Trade union rights in law
Trade union rights are seriously restricted in law. The Labour Code allows for only one trade union: the General Union of Workers of Qatar, made up of General Committees for workers in different trades or industries. Each of the General Committees must have a minimum of 100 members. Government employees as well as non-Qatari nationals are not allowed to organise. Although trade unions are allowed to bargain collectively, the government controls the rules and procedures for bargaining, including restrictions on the content, scope, duration and interpretation of the agreements.
Furthermore, while the right to strike is recognised, it is coupled with so many restrictions that it is virtually impossible to carry out a lawful strike.

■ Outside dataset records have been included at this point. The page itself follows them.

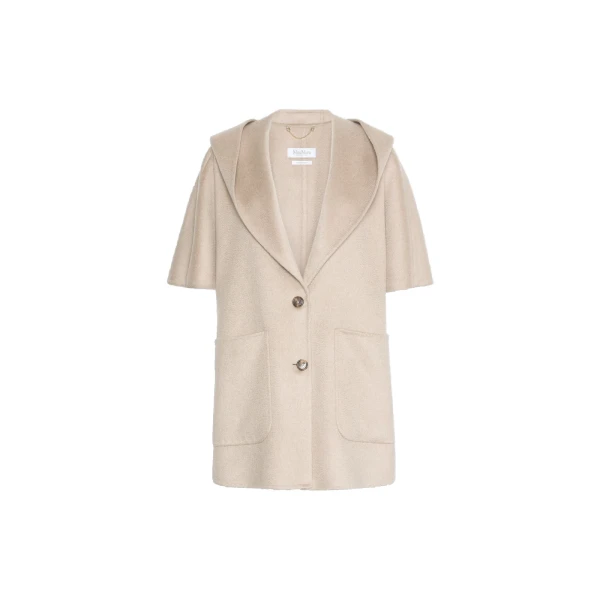 Max Mara Popoli Cashmere Drap Hooded Cape in Beige | Women | Coveti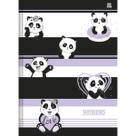 Caderno (PEQUENO) Brochura 1/4 Ursinho Panda My Friend 48 Folhas 14cm x 20cm - Animativa COR:PRETO E ROXO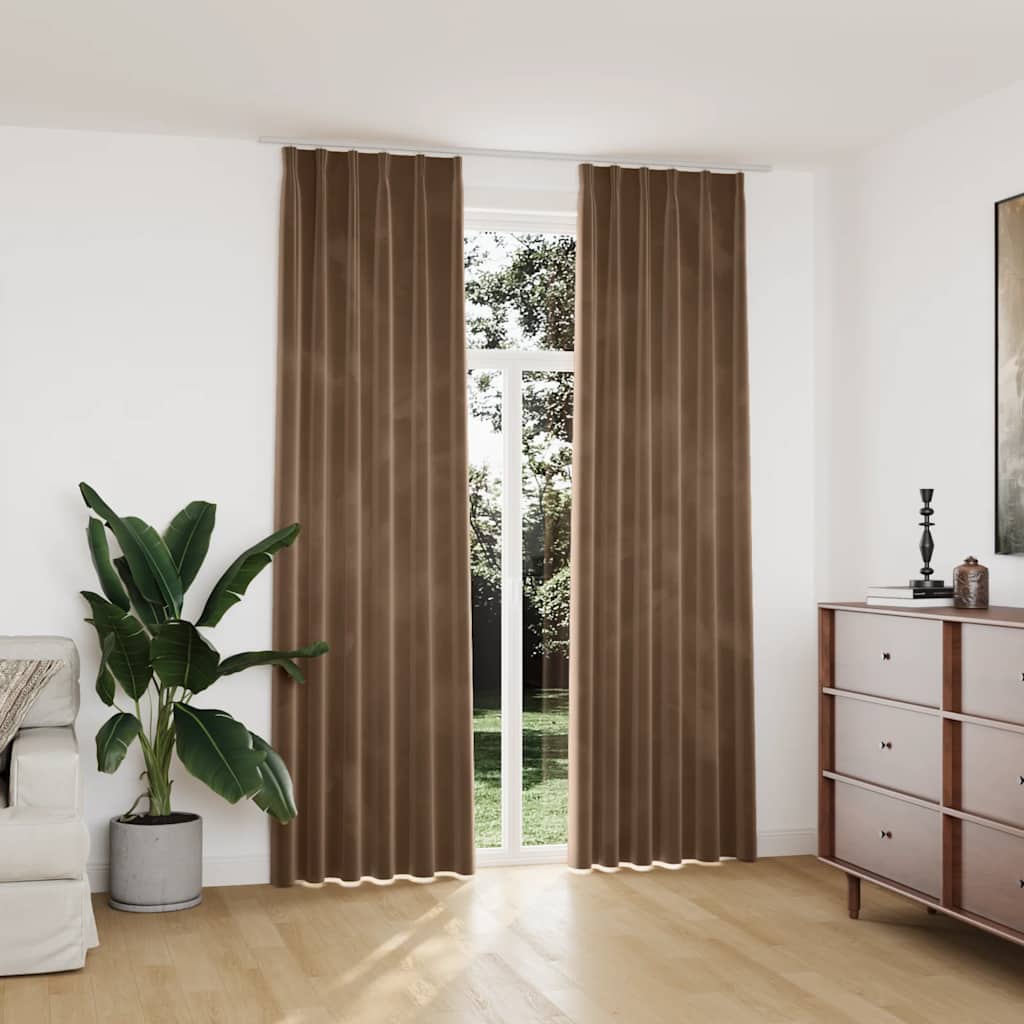 vidaXL Verdunkelungsvorhänge mit Haken 2 Stk. Samt Beige 140x245 cm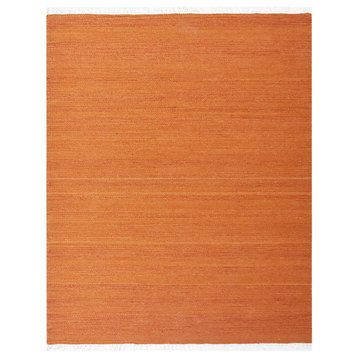 Hand Woven Flat Weave Kilim Wool Area Rug Solid Dark Orange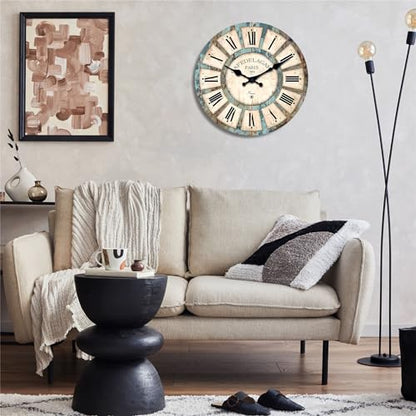 Farmhouse Wood Silent Wall Clocks Battery Operated 20 Inch - color: Blue1, size: 20 Inch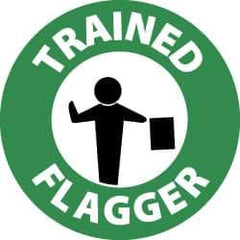 NMC - Trained Flagger, Hard Hat Label - White & Black on Green, 2" Thick, For Accident Prevention - Apex Tool & Supply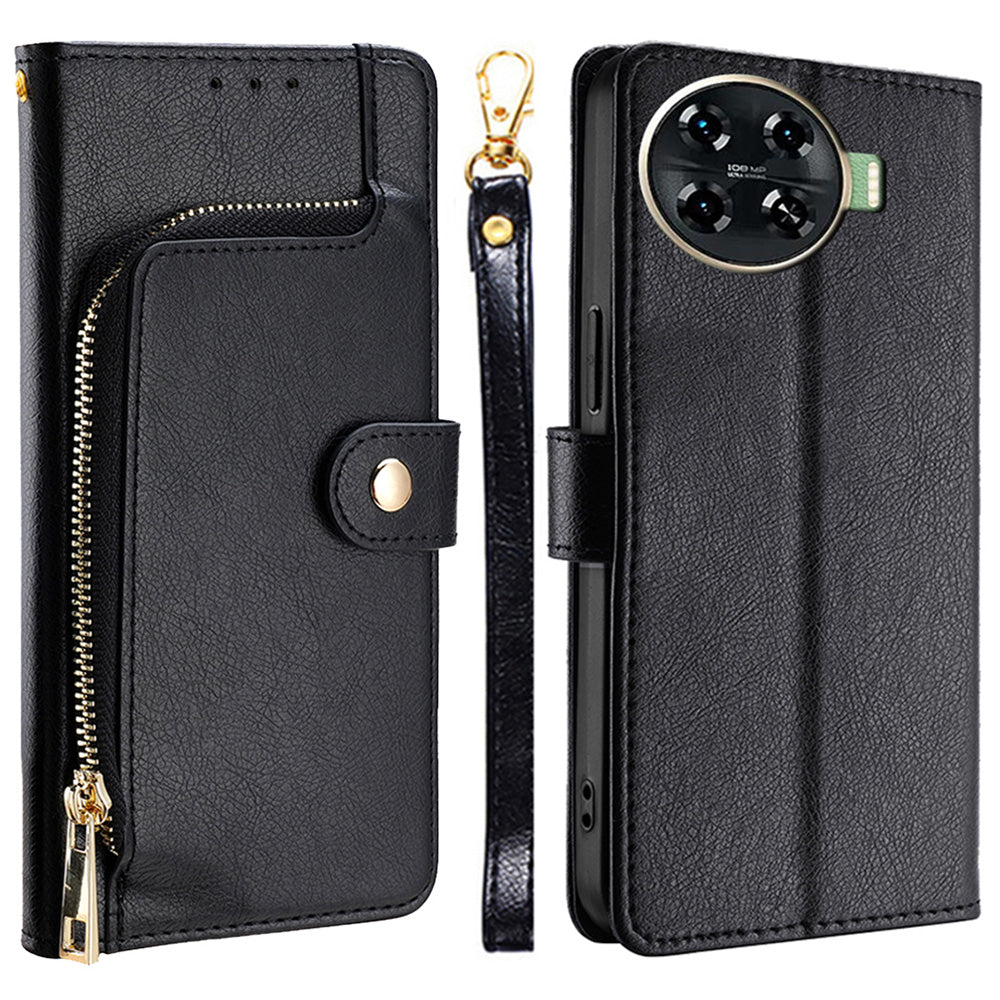 For Transsion Tecno Spark 20 Pro+ Case Anti-scratch Zipper Wallet Card Holder Phone Cover - Black
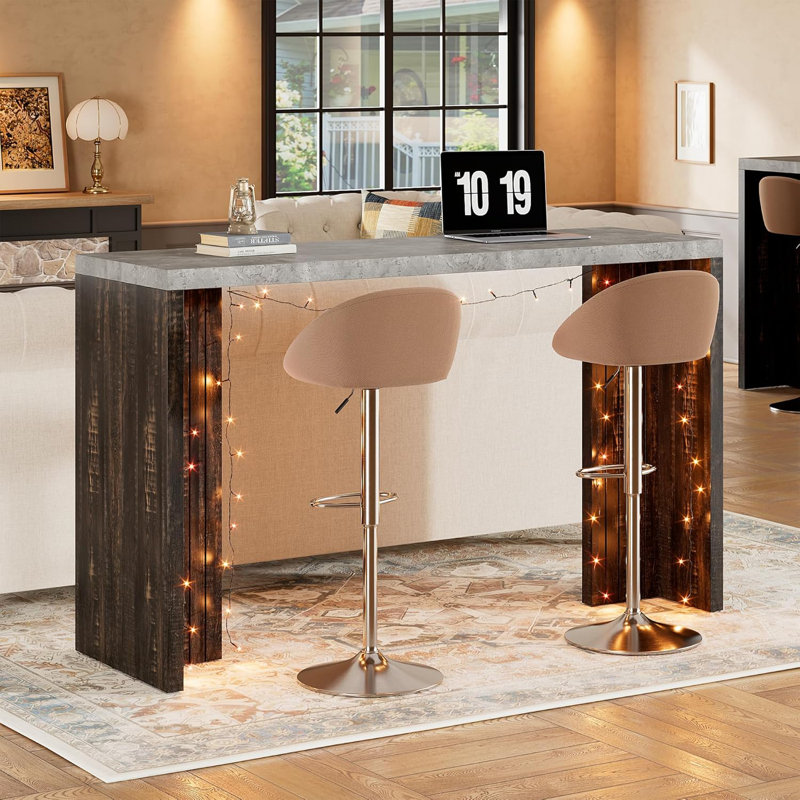 Table de bar pour 4 à 6 personnes - pub de 55 po de long avec plateau en faux marbre, unité de bar moderne rectangulaire pour la cuisine, la salle à manger, le balcon et le salon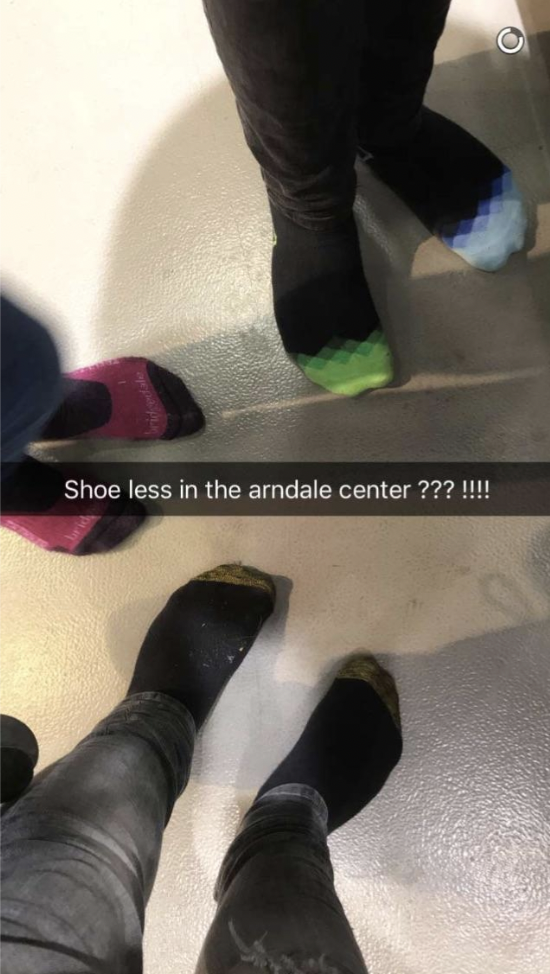 snow - Shoe less in the arndale center ???!!!!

The Labour Department of the Ministry of Civil Service must also rule on all industrial disputes before a strike can be called, which effectively neutralises the purpose of striking. Civil servants and domestic workers are not allowed to strike, and no worker in a public utility, health or security service can strike if it harms the public or causes damage to property. Workers in petroleum- and gas-related industries, seaports and all forms of transportation fall under this category.

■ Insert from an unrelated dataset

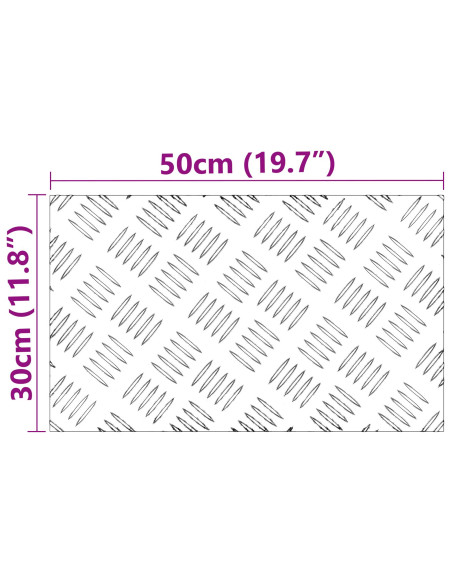 Pannelli in Alluminio a Rombo 4 pz Antiscivolo 50x30 cm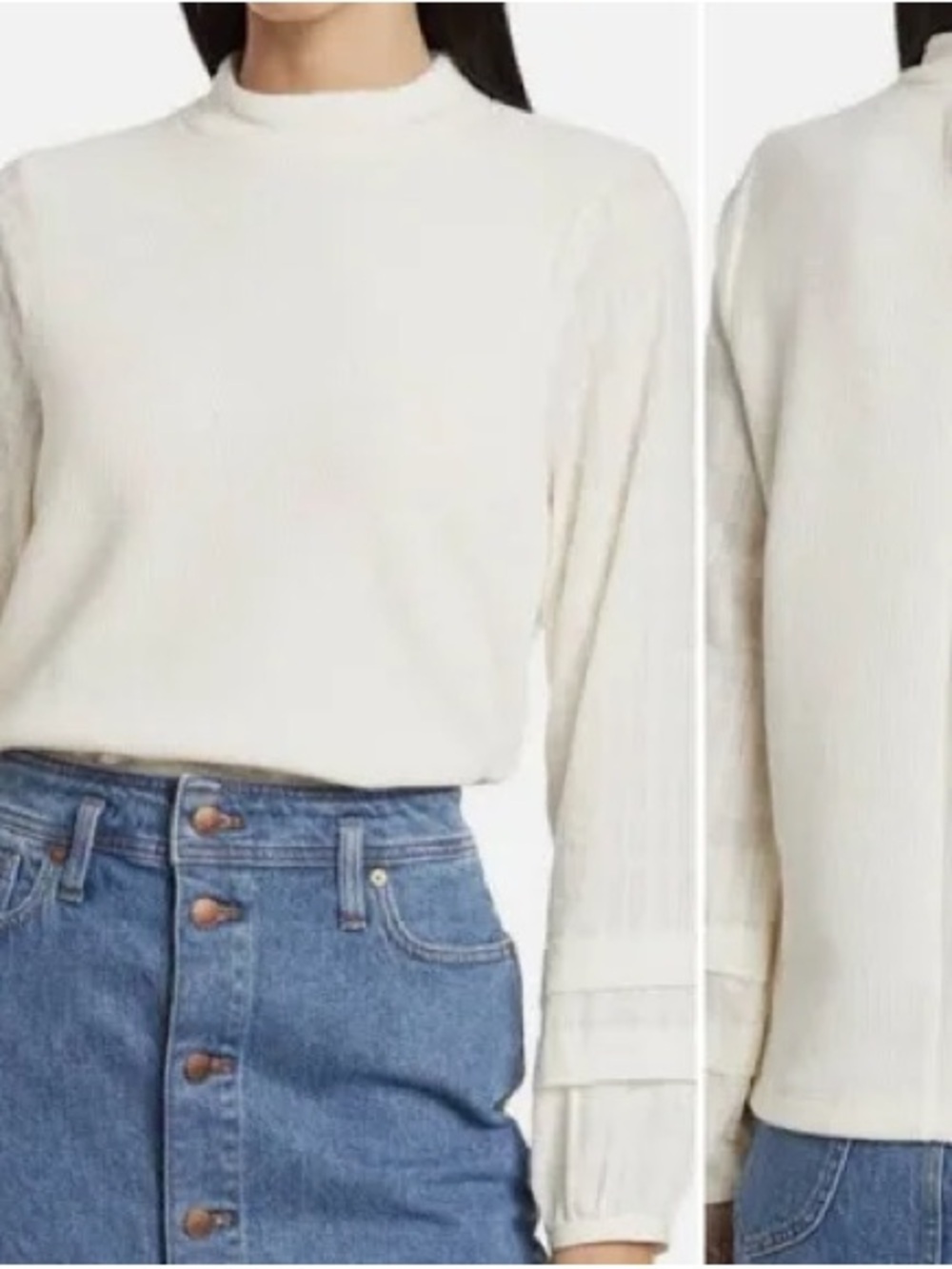 Madewell Cream Ribbed Mock Neck Sweater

Trade union rights in practice and violations in 2009
Background: Qatar is one of the richest countries in the Gulf region thanks to its oil and gas reserves. All power is concentrated in the hands of Sheikh Hamad bin Khalifa Al Thani who appoints cabinet ministers and promulgates new laws. The 2005 Constitution provided for the creation of a parliament in which two thirds of the members must be elected, but as there have been no elections yet, there is no parliament.
Qatari journalists prohibited from organising independent union: In May the International Federation of Journalists (IFJ) refused to take part in events to celebrate press freedom organised by UNESCO and the government of Qatar. "The event is held in a country which supports an international media freedom centre, but refuses to allow local journalists to form their own independent union or association" the IFJ pointed out.
Migrant workers exploited: Migrant workers make up the majority of the workforce. They are often exploited because their employment contracts give broad powers to their employers. The latter often confiscate the passports of migrant workers, and some refuse to pay salaries on time. This was the case, for example, in the first half of the year for 39 Filipino and 31 Nepalese workers living in the Al Matar Al Qadeem labour camp. They had not been paid for five months, even after a labour tribunal had urged the company to pay them.
Domestic workers, who are almost all migrants, are prime targets for violence, particularly sexual attacks. Their conditions of employment often mean they cannot leave the employers' home. According to local media, the government is putting more measures in place to ensure respect for migrant workers' rights, and some embassies have set a minimum wage for their country nationals.